By not getting the WB high enough right away, you will find that stress relief takes longer and may not be 100% effective. Also, long conditioning tends to add moisture to the lumber but not give much stress relief. A short-term fix would be to cool the lumber off briefly just before conditioning and then use 100% steam spray with no heat. This may work even with poor insulation for a while, but it can also be hard on the life of a building.



From contributor F:
I have had the fortunate pleasure of having the exact same problem a few years ago. The kiln in particular we had our learning curve with is a masonry cross-flow design forklift loaded kiln. We could dry the lumber without any complications, but whenever we tried to condition using a 147 WB, we could only get to about 130. We checked everything! Control valves, controllers, loading practices, piping, plugged holes in spray line, holes at correct angle to mix with the air, vents maintaining the closed position, new clean wetbulb wicks before conditioning, etc.

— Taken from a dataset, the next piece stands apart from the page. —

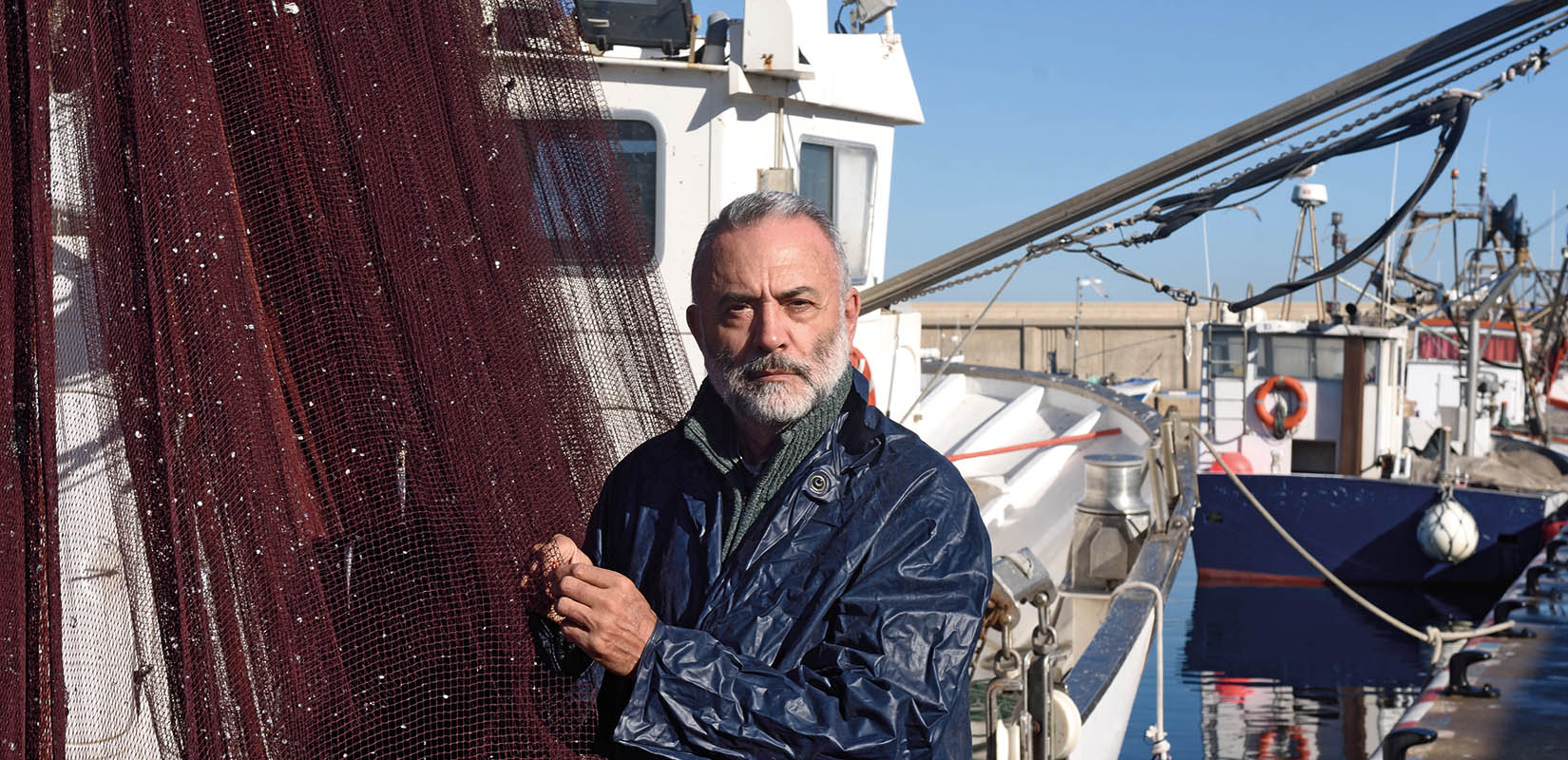A la derecha Isabel Artime presidiendo la reunión de presentación de los resultados de los proyectos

What turned out to be the problem after racking our brains charge after charge was that the rubber gasket on the bottom of the kiln doors had come off. The doors on our type of kilns have a rubber gasket on the bottom to help seal the kiln up when they are closed. When the doors are in the closed position, they have about a 2" to 3" gap between the bottom of the door frame and the concrete. This gasket had come off over the course of opening and closing them charge after charge and after replacing with new gasket, our headache with that problem went away. Of course, after replacing the gasket, we had to beef up our door anchors to keep from imploding the doors. I hope this is of some help, but always remember, there is not any fun in improving your drying practices unless you encounter some obstacles along the way that helps to increase your knowledge of your kilns and how they operate.